Jim Hopkins Bids Farewell Just as Gannett Finishes Getting Rid of Another 1,300 Newspaper Employees
First things first. A thanks to Jim Hopkins, who started the popular, incendiary Gannett Blog, which dutifully -- and sometimes stridently -- covered the disintegration of a once-mighty media company by executives who somehow manage to be both greedy and clueless at the same time.
For various reasons -- money most among them -- Hopkins decided to put a -30- on new blog posts as of last night. But he went out with a bang, no thanks to Gannett, which laid off another 1,300 employees from its newspaper division.
Just when you thought there was anything left for Gannett to cut, the beancounters worked their magic. Now there are even fewer reasons to buy the company's mostly mediocre papers. Of course, that won't stop them from raising the cover prices again in the near future.
One property that escaped, for now, unscathed is one of my former employers, The Journal-News, the paper of record for New York's northern suburbs. Or at least the paper.

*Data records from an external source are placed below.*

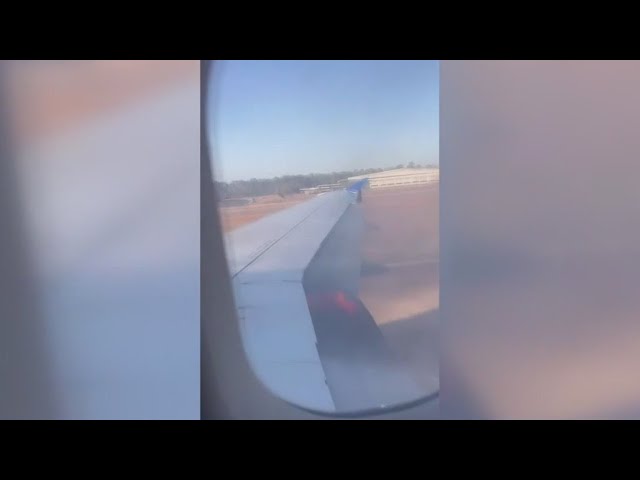 Houston plane fire: United plane wing catches fire during takeoff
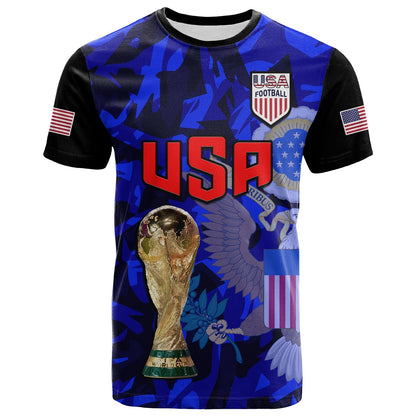 Custom USA Football T-Shirt The Yanks Champions WC 2022 Graphic Tee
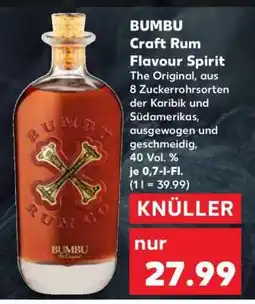 Kaufland BUMBU Craft Rum Flavour Spirit Angebot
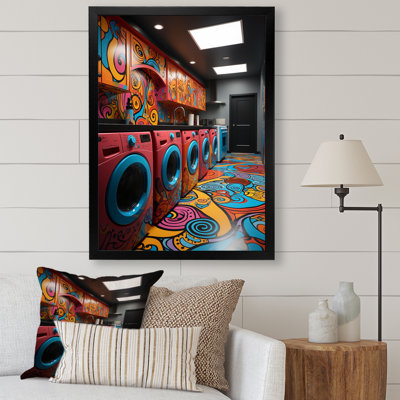 Blanchisserie, impression artistique sur toile II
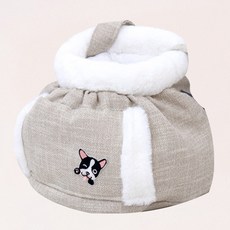 REDPUPPY Cattles 保暖寵物外出包, 深米色, 1個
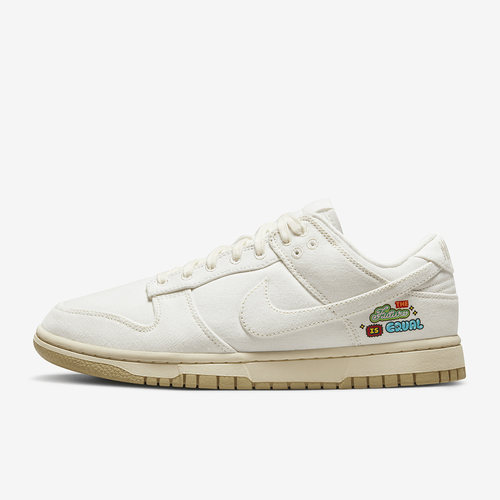 Nike/耐克官方正品Dunk Low 复古低帮女子运动休闲鞋FD0868-133 - 图0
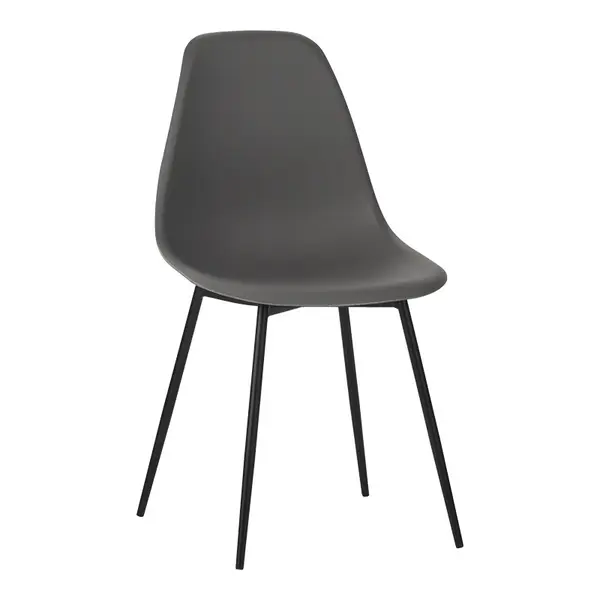 Scaun Ballen Gri inchis 41.5x53x84.5 cm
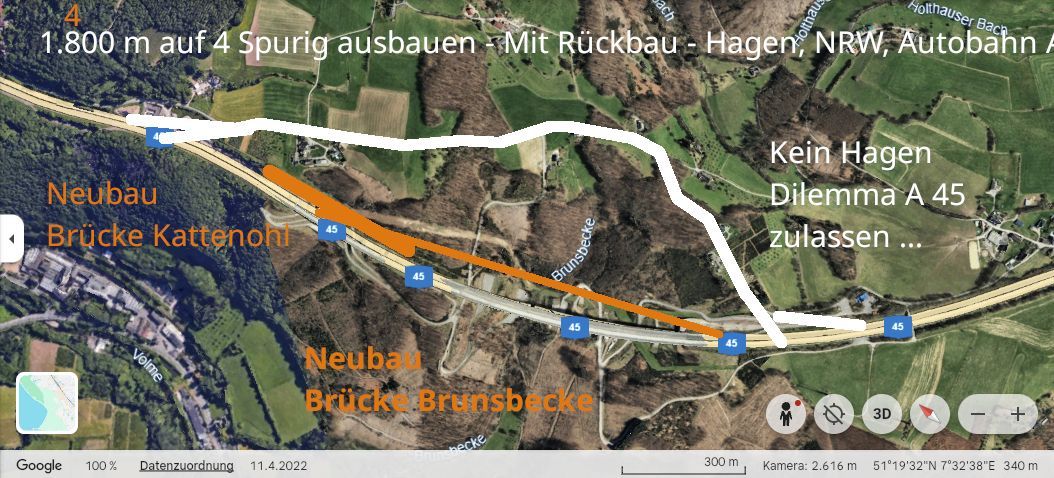 A 45 Umleitung Brunsbecke - Architektur-Planung A 45 Umleitung Brunsbecke - Architektur-Planung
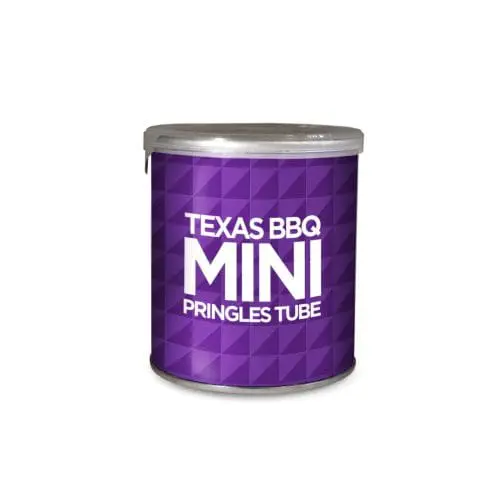 Promotional Mini Pringles Texas BBQ Flavour printed with logo or design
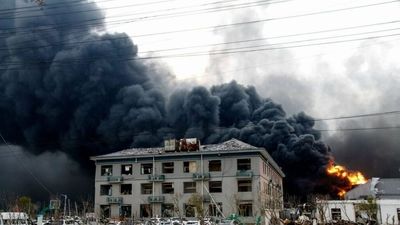 انفجار مرگبار در استان شانشی چین؛ یک کشته و ۲۱ زخمی (ویدئو)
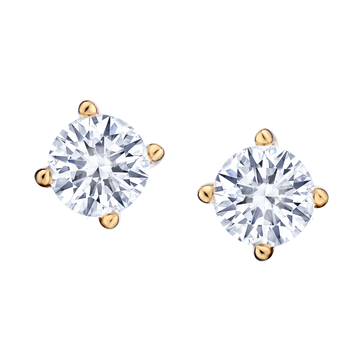 .25 Carat Of Lab Grown Diamonds Stud Earrings, 14kt Yellow Gold.....................NOW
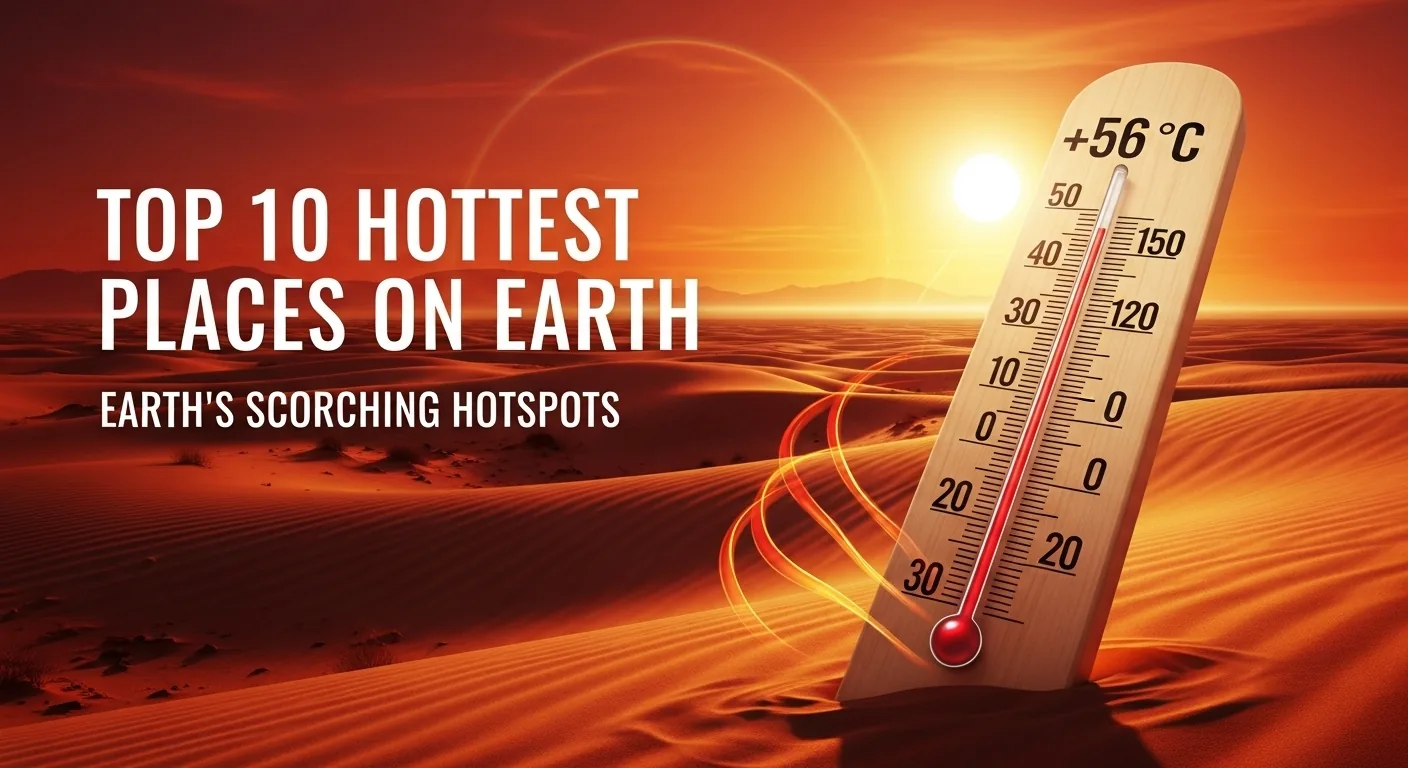 Top 10 Hottest Places on Earth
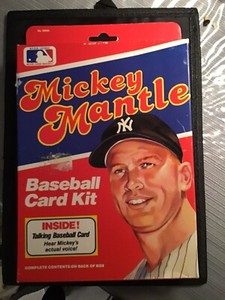 1989 CMC Talking Mickey Mantle Baseball Card Kit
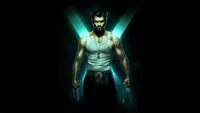 hugh jackman, wolverine, marvel comics, super héros, art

As the J-N is now absorbing the copy editing and graphics departments of the wheezing Poughkeepsie Journal, management decided to hold off on the pink slips until August so those operations could be properly integrated.
The J-N had a daily circulation of around 160,000 when I worked there 20 years ago. It's now down near 92,000 and sinking while it shrinks: pages are smaller in keepig with the desiccated reporting staff. As one anonymous scribe posted on Gannett Blog:
I am a Westchester reporter. Twice last week -- TWICE -- I was interviewing someone and they said to me:
What is The Journal News? Can you imagine this for any other semi-major daily paper?(For all you readers outside the area: The Journal News is the name the paper was given when a group of smaller local dailies was merged in late 1998. More than 10 years later, the new name hasn't really caught on.)When I joined the company, circulation was 155,000 daily and 170,000 Sunday ...
These were sources in Northern Westchester, but I find the single place with the fewest people who know about us is Scarsdale. I cannot tell you how many times over the years I've had to explain what The Journal News is to someone from Scarsdale...
The area IS weird when it comes to local versus local, local. People live in about 75 towns and don't seem to have a regional feeling at all. If you live in Yonkers, you just don't want to read about Armonk or Peekskill or Brewster or Nyack, especially if all you're reading is the local municipal stuff or a feature about a tiny community festival.
However, the people here are sophisticated and appreciate a good story that's newsy about anywhere in the area, whether it's a scam or corruption revealed or a compelling personality featured or a new innovation explained....
We have lost A LOT of reporting staff. There is no question that readers today are getting FEWER stories than they did six months ago -- and A TON less than they did three years ago. There is news that goes uncovered and features that go unwritten.Is there any mystery why there are fewer readers? Why pay the same -- or more -- for a thinner paper?
Sad, but oh so typical, for Gannett.